■ **Assignment**:
All lines below starting at the one that holds "On steep slopes" and ending at the one that holds "Hello there and" should be printed exactly, ends included. Pictures should not be printed, nor anything else.

■ **Extracted material**:
□ □ □ □ □

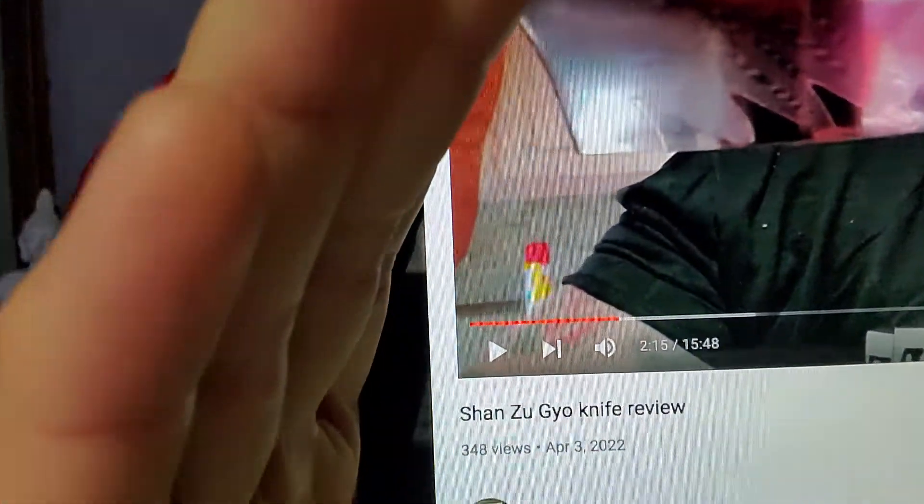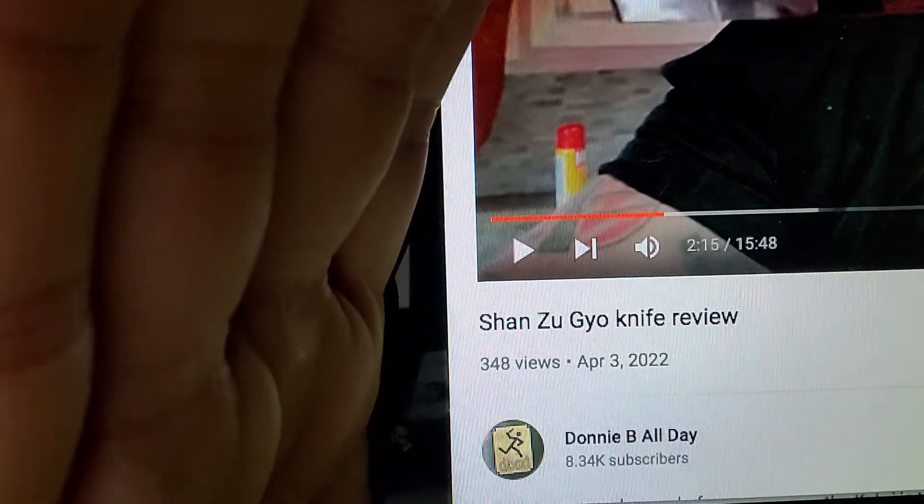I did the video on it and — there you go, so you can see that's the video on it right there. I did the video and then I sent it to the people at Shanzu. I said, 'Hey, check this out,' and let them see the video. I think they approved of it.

□ □ □ □ □

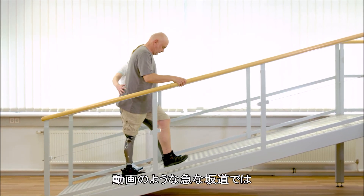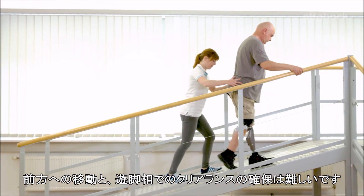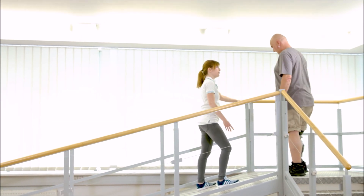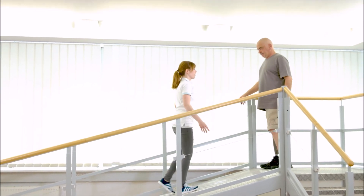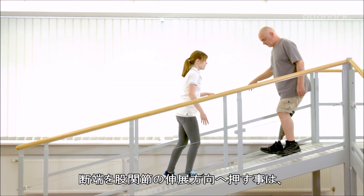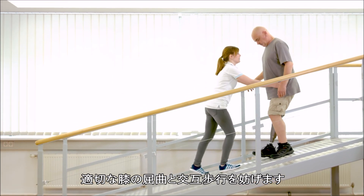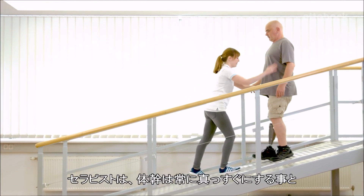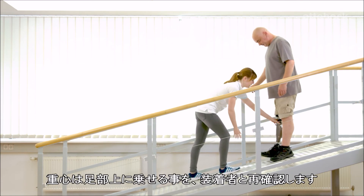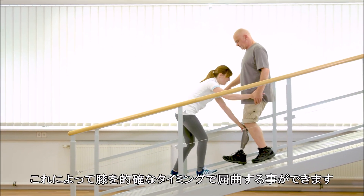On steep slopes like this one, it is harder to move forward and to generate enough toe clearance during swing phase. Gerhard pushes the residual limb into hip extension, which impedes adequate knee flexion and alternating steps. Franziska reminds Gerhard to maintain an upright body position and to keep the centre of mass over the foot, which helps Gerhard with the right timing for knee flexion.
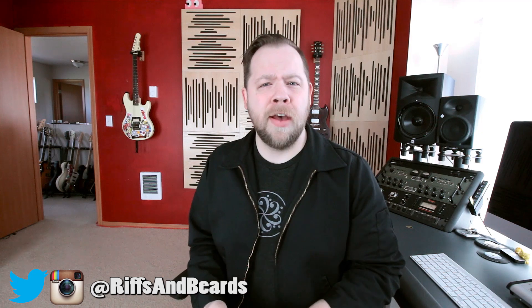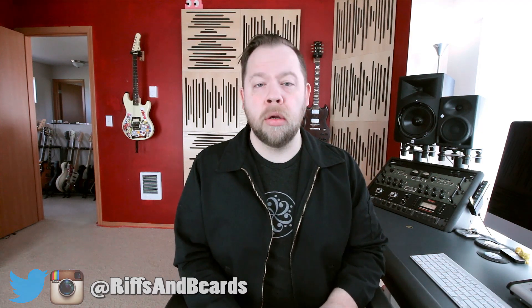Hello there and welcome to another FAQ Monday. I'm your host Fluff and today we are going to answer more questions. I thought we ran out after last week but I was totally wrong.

□ □ □ □ □

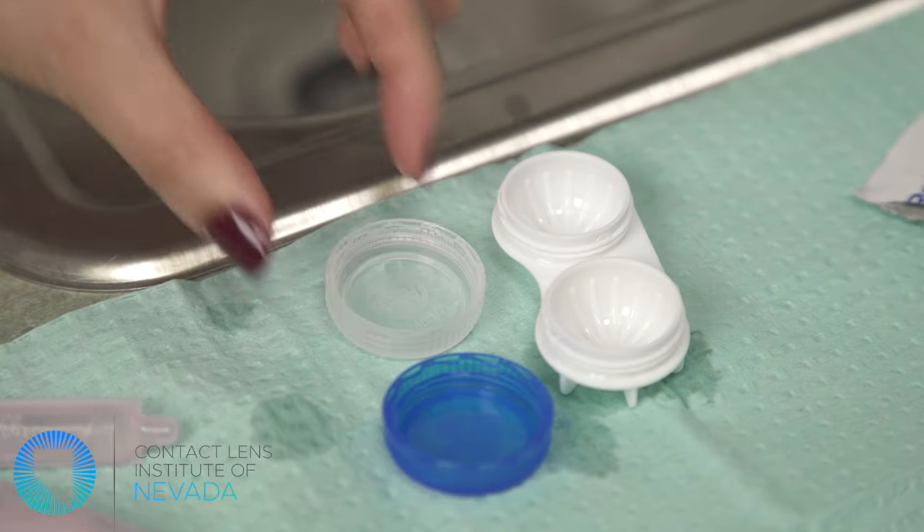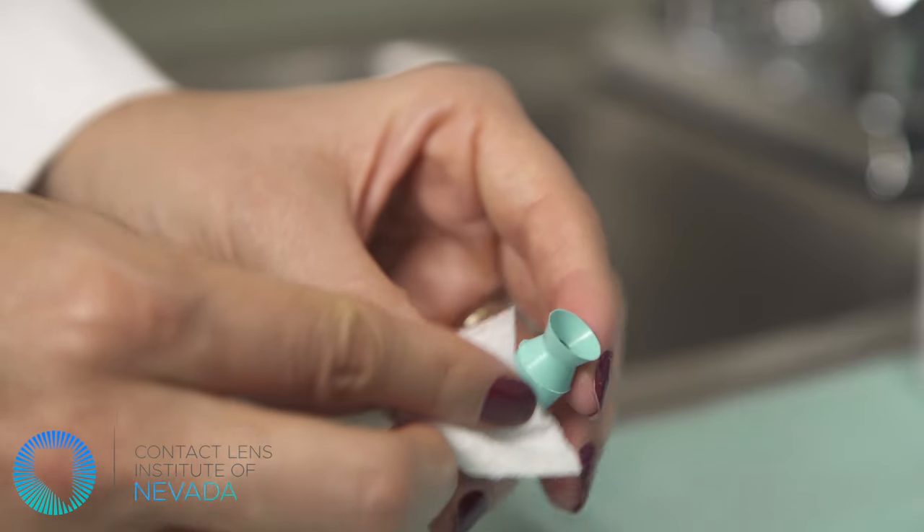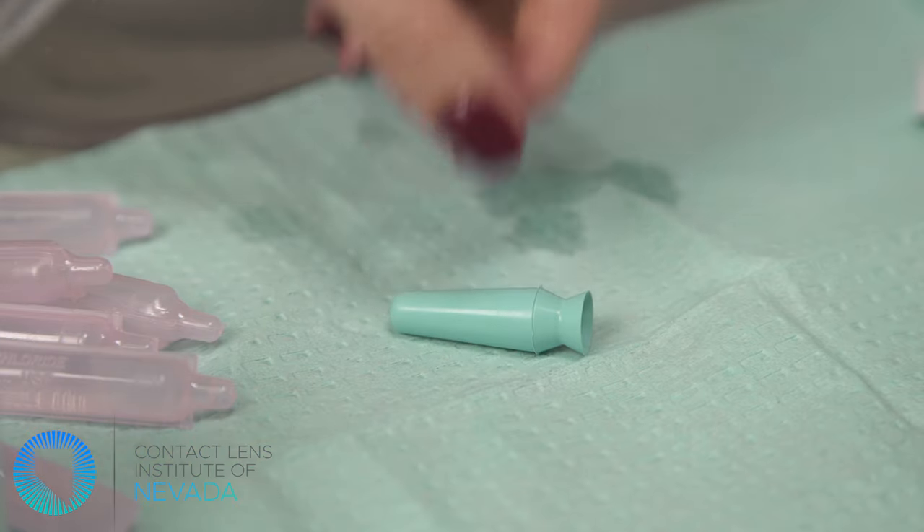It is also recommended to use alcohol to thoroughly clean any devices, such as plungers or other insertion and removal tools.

□ □ □ □ □

■ **Output of the task**:
On steep slopes like this one, it is harder to move forward and to generate enough toe clearance during swing phase. Gerhard pushes the residual limb into hip extension, which impedes adequate knee flexion and alternating steps. Franziska reminds Gerhard to maintain an upright body position and to keep the centre of mass over the foot, which helps Gerhard with the right timing for knee flexion.
Hello there and welcome to another FAQ Monday. I'm your host Fluff and today we are going to answer more questions. I thought we ran out after last week but I was totally wrong.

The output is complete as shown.